Tea is made from the buds and leaves of the tea plant, a family of Theaceae (scientific name: Camellia sinensis). The tea plant is a perennial evergreen tree widely distributed throughout the subtropical regions. Tea species are broadly divided into the Chinese and Assamese varieties.
The Chinese varieties are shrub-like plants, mainly cultivated in temperate regions as they possess a strong tolerance to cold temperatures. The leaves are small with a low tannin content and mainly used for the production of green tea.
The Assamese varieties grow into tall trees, but have a poor tolerance to cold temperatures. The leaves are large and have a high tannin content. They are primarily used as the raw ingredient for the production of black tea.
The many intermediate groups of Chinese and Assamese varieties are sometimes classified into four categories: the Chinese small-leaf variety, the Chinese large-leaf variety, the Indian small-leaf variety, and the Indian large-leaf variety.

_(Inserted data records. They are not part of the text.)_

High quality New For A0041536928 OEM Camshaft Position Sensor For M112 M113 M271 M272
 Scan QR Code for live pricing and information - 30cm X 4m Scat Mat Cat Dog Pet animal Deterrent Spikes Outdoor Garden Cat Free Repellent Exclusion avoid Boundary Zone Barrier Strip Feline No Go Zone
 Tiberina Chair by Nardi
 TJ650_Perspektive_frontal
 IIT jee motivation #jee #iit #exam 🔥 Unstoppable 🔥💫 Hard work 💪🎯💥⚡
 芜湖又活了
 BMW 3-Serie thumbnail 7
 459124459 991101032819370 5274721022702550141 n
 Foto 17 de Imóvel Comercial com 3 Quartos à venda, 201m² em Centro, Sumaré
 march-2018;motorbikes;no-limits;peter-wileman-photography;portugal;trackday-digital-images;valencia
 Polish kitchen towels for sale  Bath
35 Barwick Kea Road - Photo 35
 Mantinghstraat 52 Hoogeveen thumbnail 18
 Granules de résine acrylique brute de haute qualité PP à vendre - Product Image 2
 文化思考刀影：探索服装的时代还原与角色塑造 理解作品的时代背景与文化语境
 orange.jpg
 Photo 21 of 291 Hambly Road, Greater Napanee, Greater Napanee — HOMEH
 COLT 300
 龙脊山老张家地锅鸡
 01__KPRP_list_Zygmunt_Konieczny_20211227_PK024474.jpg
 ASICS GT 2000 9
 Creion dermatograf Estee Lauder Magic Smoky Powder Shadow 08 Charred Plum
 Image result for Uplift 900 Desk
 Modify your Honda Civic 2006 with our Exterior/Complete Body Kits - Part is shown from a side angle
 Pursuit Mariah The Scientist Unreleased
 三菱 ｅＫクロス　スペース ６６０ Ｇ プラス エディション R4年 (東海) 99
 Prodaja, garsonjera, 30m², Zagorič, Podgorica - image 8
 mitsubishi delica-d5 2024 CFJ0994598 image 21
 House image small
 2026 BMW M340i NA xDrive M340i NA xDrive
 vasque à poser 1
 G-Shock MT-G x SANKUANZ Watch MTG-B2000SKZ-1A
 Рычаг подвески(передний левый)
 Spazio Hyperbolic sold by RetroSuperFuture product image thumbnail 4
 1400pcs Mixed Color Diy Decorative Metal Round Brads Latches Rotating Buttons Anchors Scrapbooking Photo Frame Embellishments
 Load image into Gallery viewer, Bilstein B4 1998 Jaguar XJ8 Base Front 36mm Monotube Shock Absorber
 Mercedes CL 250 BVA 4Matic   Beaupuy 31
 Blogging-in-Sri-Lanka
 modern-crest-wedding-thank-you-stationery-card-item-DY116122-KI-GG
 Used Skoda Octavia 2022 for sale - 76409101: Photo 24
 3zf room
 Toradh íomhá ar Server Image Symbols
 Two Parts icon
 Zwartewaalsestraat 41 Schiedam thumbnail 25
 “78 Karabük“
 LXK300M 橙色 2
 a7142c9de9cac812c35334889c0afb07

Japanese tea is considered to be a natural hybrid derived from the Chinese small-leaf variety and is especially suitable for producing green tea. Chinese small-leaf varieties are distributed throughout southern and eastern China and Taiwan. They have a large number of branches with small leaves only 4 cm in length. The leaves are hard and of dark green color with rounded tips.
In Japan, some Yamacha (literally “mountain tea”) also grows in the mountains of southwestern regions (around Kyushu and Shikoku islands). It was once believed to be a native plant. However, it is now assumed that Yamacha was brought to Japan in the past.